Long before I had ever heard of GayOutdoors, I've been very interested in climbing Mt. Aconcagua. But what ultimately drew me to this particular expedition was the opportunity to hike under the rainbow flag - the highest mountain every climbed by an openly gay expedition.

Even for some of the expedition members, this idea was difficult to reconcile. As Bruce often said, "I represent the American flag, not the rainbow flag." The perspective is understandable - The popular media has painted a very narrow picture of what it means to be gay, and when it comes down to it, noone on our expedition fits that stereotype. Even in the gay community, we appear as outsiders.

There are two solutions to the problem. The first is represented in Bruce's perspective: Choose not to identify with the gay community. The second is to change what it means to be gay. Part of the purpose of this expedition is to expand what the rainbow flag represents. After all, the colors of the flag are intended to denote diversity. How ironic, then, that society has such a narrow understanding of what it means to be a gay male.

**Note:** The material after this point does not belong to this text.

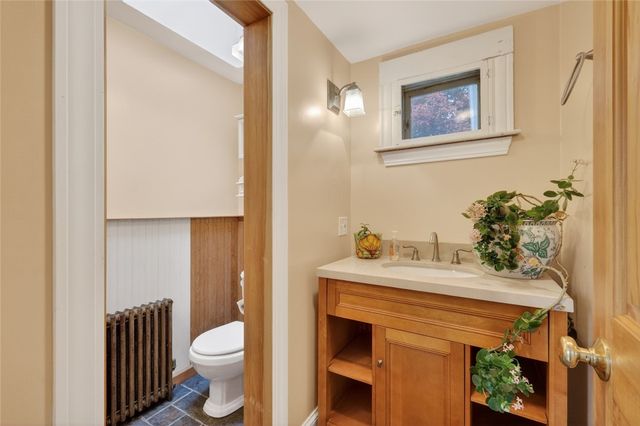 7 Allard Street, Warwick, RI 02889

As I often tell others, if I'd had the opportunity to meet someone like me when I was growing up, it could have saved me from years of anguish and confusion. As is common with gay athletes, it can be overwhelming to reconcile the image of the athlete with the stereotype of the gay man. If news of our expedition is able to save just one person from the emotional torment that I endured, then it's all worthwhile.